Thanks to seemingly constant coverage on channels like HLN, the Casey Anthony murder trial was this summer’s hot "reality TV" ticket—and Tuesday’s verdict has become the hot topic of online conversation.
The not-guilty verdict came as a surprise to many observers and has naturally led to frequent comparisons to the O.J. Simpson murder trial. But O.J.'s 1995 acquittal came before the explosion of the social web. “The O.J. trial may have had broader media attention,” Brent Idarola, a Frost & Sullivan analyst, told The New York Times, “however, social media platforms were not in place at that time, so the collective echo chamber has been unprecedented.”

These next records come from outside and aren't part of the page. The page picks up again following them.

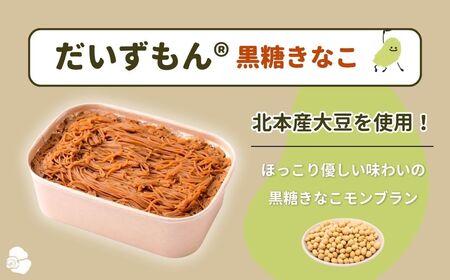 【数量限定】 モンブラン だいずもん 黒糖きなこ 290g×2個 | モンブラン 大豆のモンブランやさん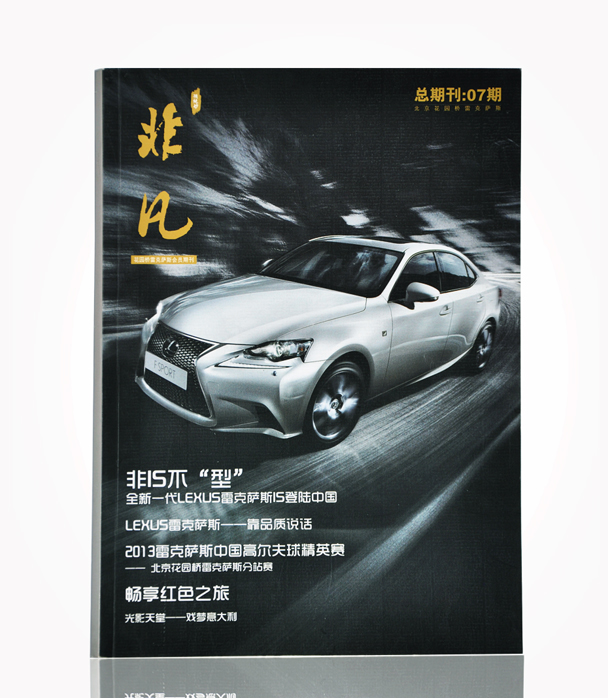 企業(yè)畫冊 企業(yè)畫冊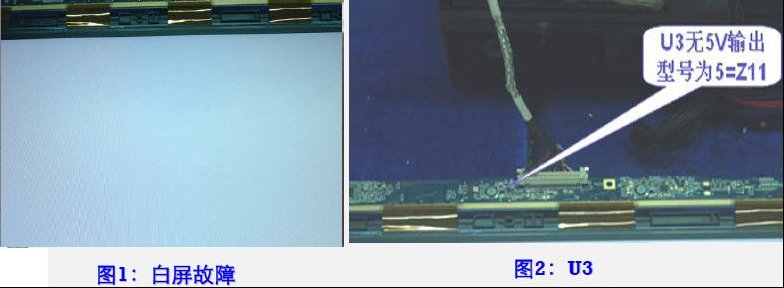 TCL彩电M260TWR1显示屏二次开机白屏故障检修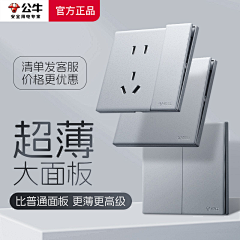 野犬111采集到作品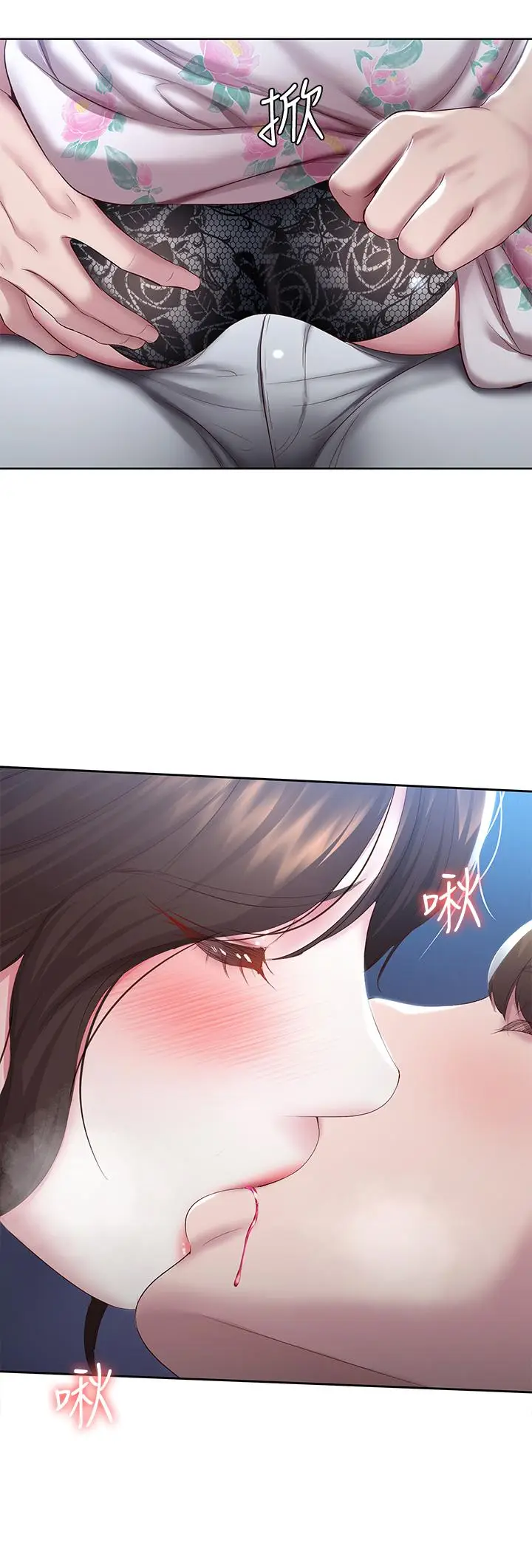 漫画《寄宿日记》第89话第22张图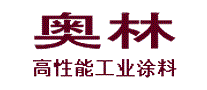 奥林
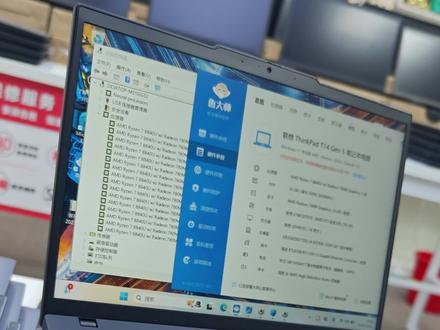 ✨2024款#T14 Gen5来啦!💻商务本颜值天花板?小红点设计太戳了!👇性能实测马上安排~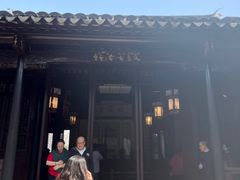 -沈厅酒家(周庄店)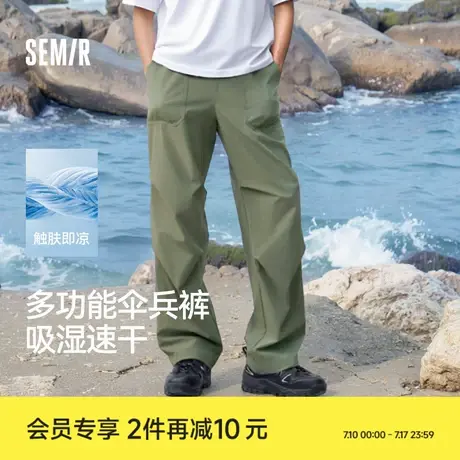 森马黑色工装裤男2025夏新款速干休闲裤宽松直筒裤子男凉感伞兵裤图片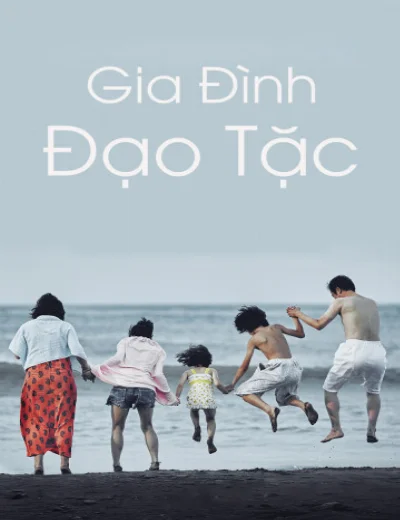 Gia Đình Đạo TặcHình bìa
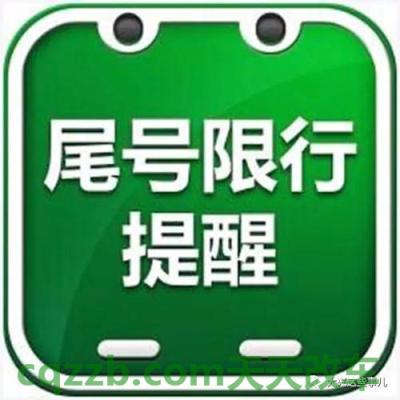 有关：外地买车可以本地上牌吗 外地牌车在广州限行规定  第3张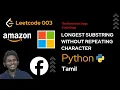Longest Substring without repeating characters Leetcode 3 Tamil Python Sliding Window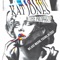 Losing - Kat Jones lyrics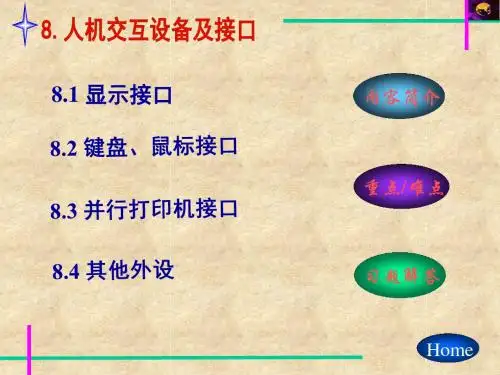 微机原理及应用08-精选文档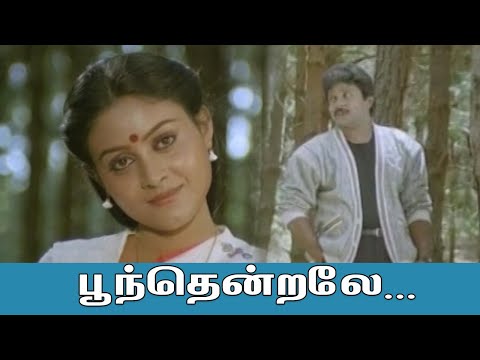 பூந்தென்றலே நீ பாடி வா - Poonthendrale nee padi vaa - Manasukkul mathappu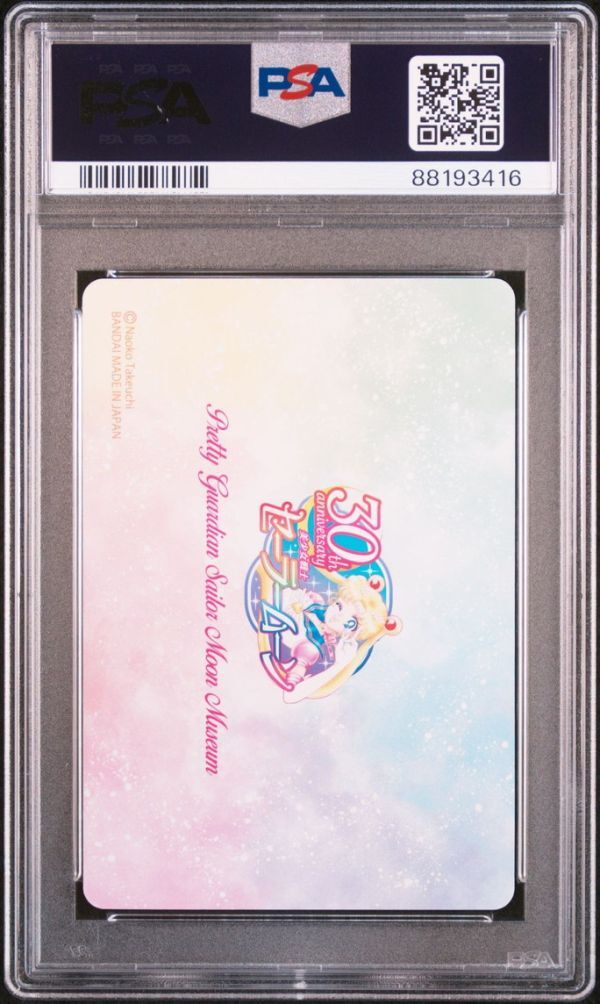 PSA10 No 5 愛野美奈子 美少女戦士セーラームーン プレミアム PSA10 No 5 愛野美奈子 美少女戦士セーラームーン プレミアム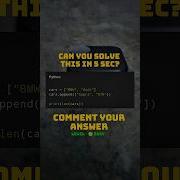 99 People Fail This Python Question Can You Solve It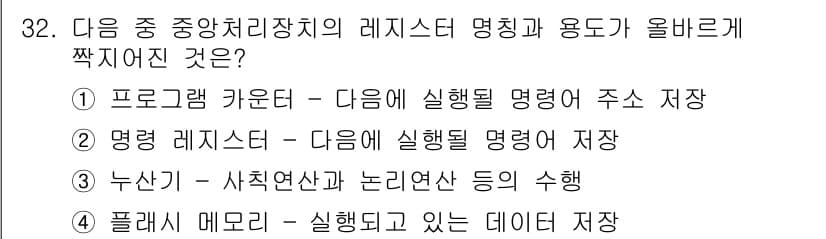 인터넷정보관리사_2급 2017년 32번 - 정답과 핵심 포인트를 검수 중인 기출문제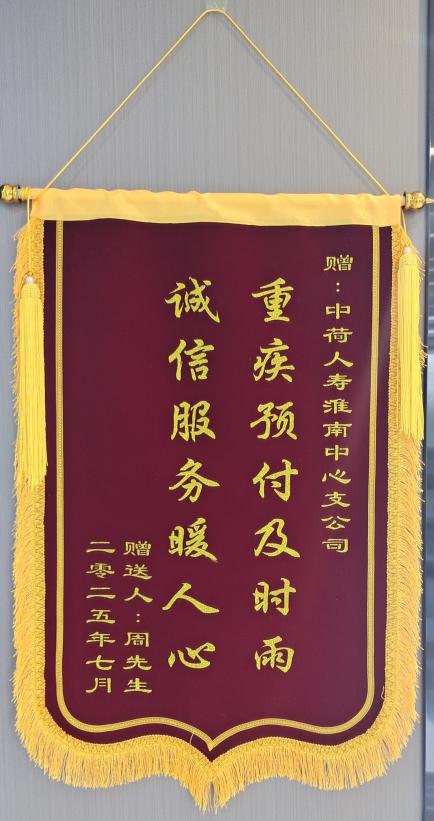 錦旗2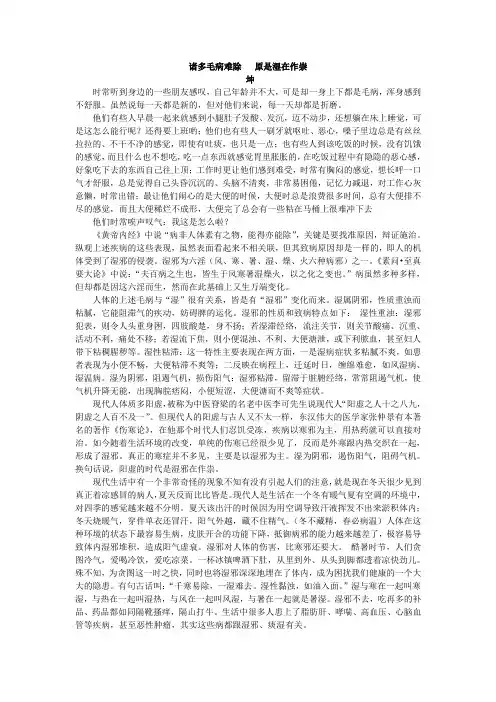 诸多毛病难除   原是湿在作崇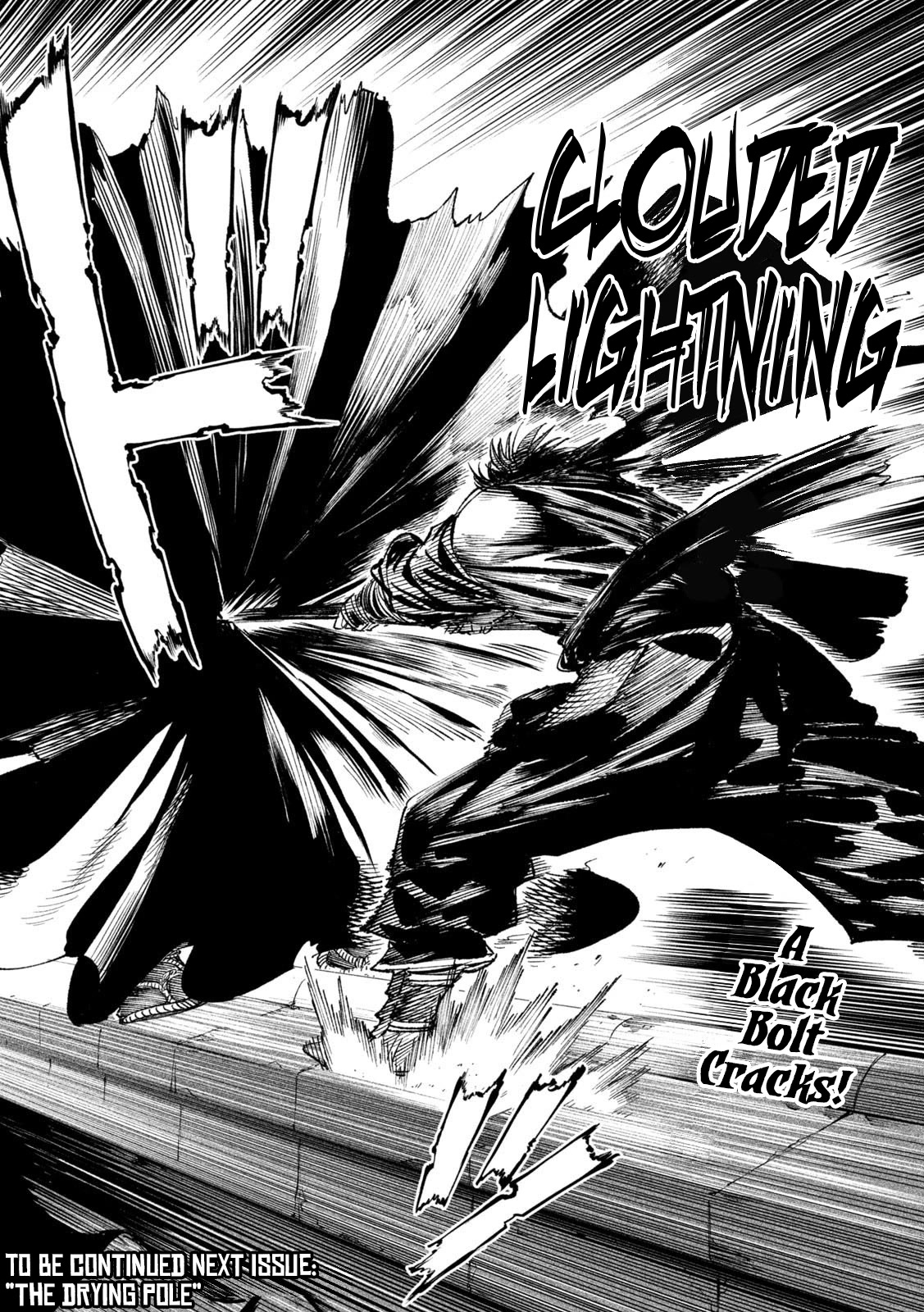 Tenkaichi - Nihon Saikyou Bugeisha Ketteisen chapter 24 page 44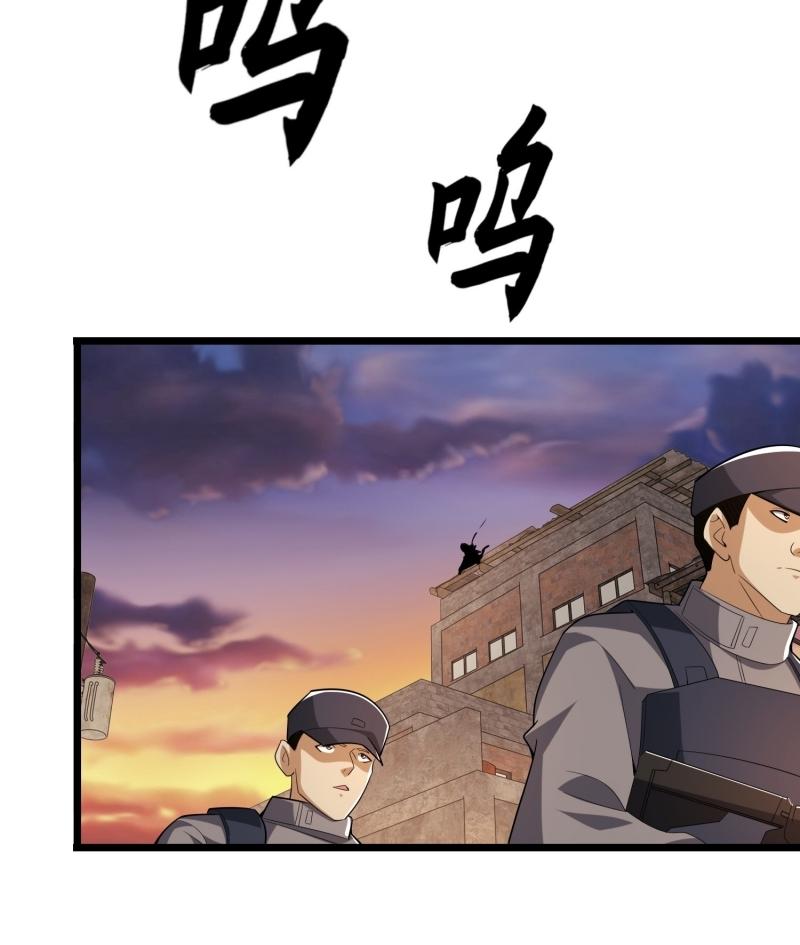 THE FIRST ORDER ตอนที่ 207 หน้า 93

Facebook posts reacting to the verdict came in “faster than we can even count, meaning at least 10 of them per second,” said All Facebook, and according to social media analytics firm Crimson Hexagon, there were 325,283 Twitter posts on Tuesday about the Casey Anthony trial—most from around the time of the verdict. There was an overwhelming agreement among Twitter users as to the outcome. According to data from NM Incite, 64 percent of people on Twitter disagreed with the "not guilty" verdict, while only 1 percent agreed. (35 percent remained neutral.)
MSNBC pushed the Simpson-Anthony comparison, asking Crimson Hexagon to estimate the number of tweets the Simpson verdict might have generated. “We’d speculate that it would be several hundred percent larger based on the way the O.J. trial truly captivated the entire nation at the time," a spokesperson said.
The hashtags #caseyanthonyverdict and #notguilty shot to the top of Twitter’s “trends” list, while other verdict-related topics surged in popularity—including “Johnny Cochran,” O.J. Simpson’s infamous lawyer, and “Dexter Morgan,” Showtime’s serial killer known for taking out other murderers. Entenmann’s baked goods got into hot water for taking advantage of the #notguilty hashtag to promote its own “tasty treats.”
Even after the initial reactions to the verdict die down, says the Times, the enduring skepticism about Anthony’s innocence will ensure that the case becomes media and tabloid fodder for years to come.